Die UBS hat denn auch vor allem in ihrem Kerngeschäft, der globalen Vermögensverwaltungssparte GWM enttäuscht. Die UBS-Spitze um Konzernchef Sergio Ermotti erwartet denn auch vom neuen Co-Spartenleiter Iqbal Khan - trotz der unschönen Umstände um seinen Wechsel von der CS zur UBS - eine klare Steigerung. Khan hat denn auch bereits erste Pflöcke eingeschlagen (siehe Rubrik PRO MEMORIA) und vor kurzem eine grössere Reorganisation in der Sparte angekündigt. Gemäss Presseberichten soll damit etwa die Kreditquote in der Vermögensverwaltung von derzeit 7 auf 15 Prozent gebracht werden, d.h. die reichen Kunden sollen vermehrt mit Krediten der UBS Investitionen tätigen.
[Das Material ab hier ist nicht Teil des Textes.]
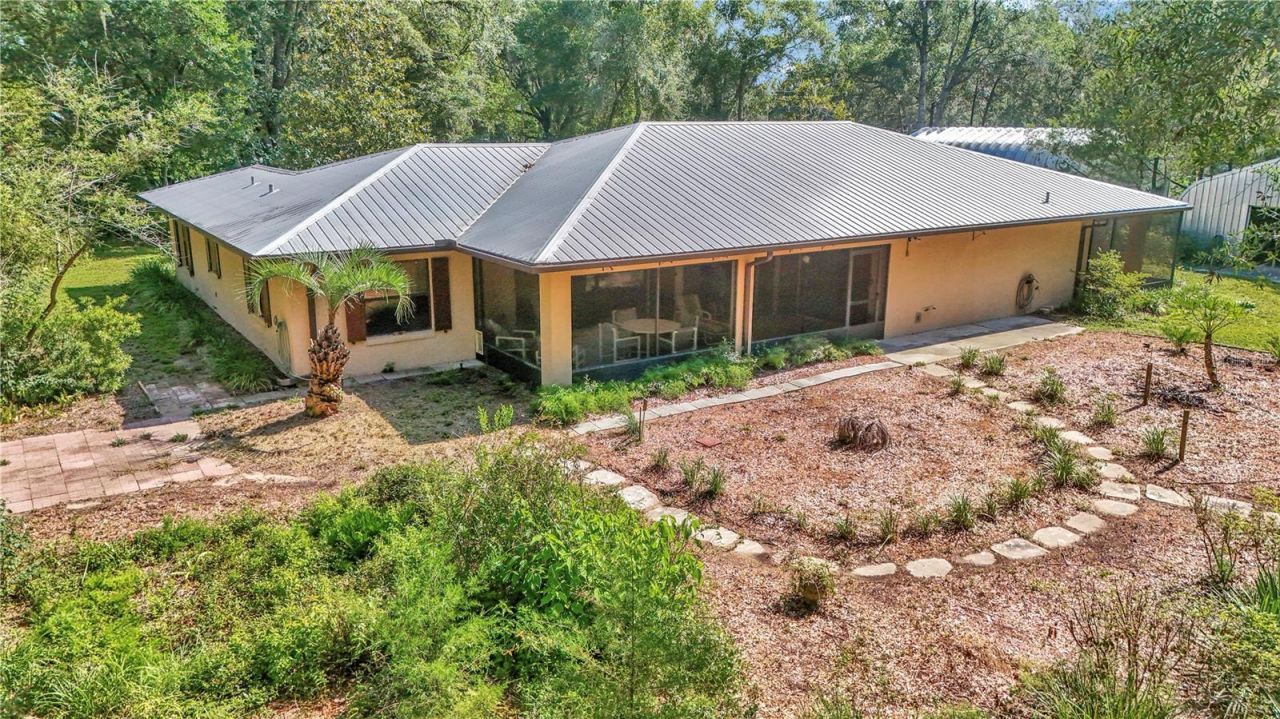 17690 SE 66 Place, Morriston, FL 32668 Photo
Mit dieser Methode hatte Khan bereits bei der CS den Gewinn der dortigen Vermögenssparte deutlich steigern können. Allerdings steigen dadurch auch die Risiken für die Bank.

Sorgen macht der Bank auch weiterhin der Aktienkurs. Nach einem sehr schwachen Vorjahr mit phasenweise Kursen unter 10 Franken notieren die UBS-Papiere weiterhin sehr tief. Dank relativ hoher Dividendenzahlungen gehören die UBS-Aktien aber immerhin zu den Renditeperlen im Schweizer Aktienmarkt. Die relativ hohe Kapitalrückführung an die Aktionäre (Dividenden und Aktienrückkäufe) dürfte denn auch weiterhin eine wichtige Säule der UBS-Strategie bleiben.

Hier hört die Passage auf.